I illustrate this crucial point with reference to the Holocaust — the systematic State-sponsored killing of six million Jewish men, women, children, and thousands of other peoples by Nazi Germany. Professor Niall Ferguson a Scottish–American historian, and Milbank Family Senior Fellow at Hoover Institution and a senior fellow at the Belfer Center for Science and International Affairs at Harvard University, wrote a very insightful piece in the highly respected publication
The Free Press, entitled ‘The Treason of the Intellectuals’, which pinpointed the national and hugely consequential impact of words. Professor Ferguson borrowed that title from the name of a book by noted French Philosopher Julien Benda.
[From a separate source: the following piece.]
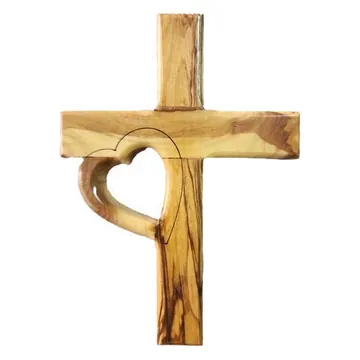 Cross with heart cut-out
I made reference to Benda’s seminal work here many Sundays ago. Anyway, Ferguson said, among other things: “The lesson of German history for American academia should now be clear. In Germany, to use the legalistic language of 2023, ‘speech crossed into conduct’. The final solution of the Jewish question began as speech. To be precise, it began as lectures and monographs and scholarly articles.” (The Free Press, December 10, 2023)
The contemptible attempted assassination of former president of the United States of America Donald J Trump, last Saturday, should serve as a powerful reminder that “words are not wind”, as we say in local parlance. Words have consequences. The attempted assassination of Trump should not and cannot be countenanced in any shape or form by true and faithful adherents of the sacred ideals of Western liberal democracy. Those who are in a state of extreme agitation today because the would-be assassin’s aim was not much more accurate are not friends of democracy.
History has shown us that we cannot further the sustained cause of democracy from the muzzle of a gun. President Joe Biden is right, “Everybody must condemn the attack on Trump.”
WORDS MATTER!
In the post-mortem on what happened, what might have happened, and/or what should have happened at the Trump rally last Saturday, well-thinking folks globally must not lose sight of a very crucial fact. Yes, honest and strong disagreements are necessary for the sustained growth of democracy. The democracy arena is not a Pollyanna province. But hate speech is never acceptable. Speech which promotes revenge, discrimination, forms of especially material suffocation because of mere differences of opinions, violence, overt and or covert speech which label opponents as enemies, has no legitimate place in a democracy.
I believe strongly that the attempted assassination of Trump was partly a consequence of highly incendiary words spoken by him especially over the last six years. Those words are increasingly ‘crossing over into conduct’, more so violent and deadly conduct.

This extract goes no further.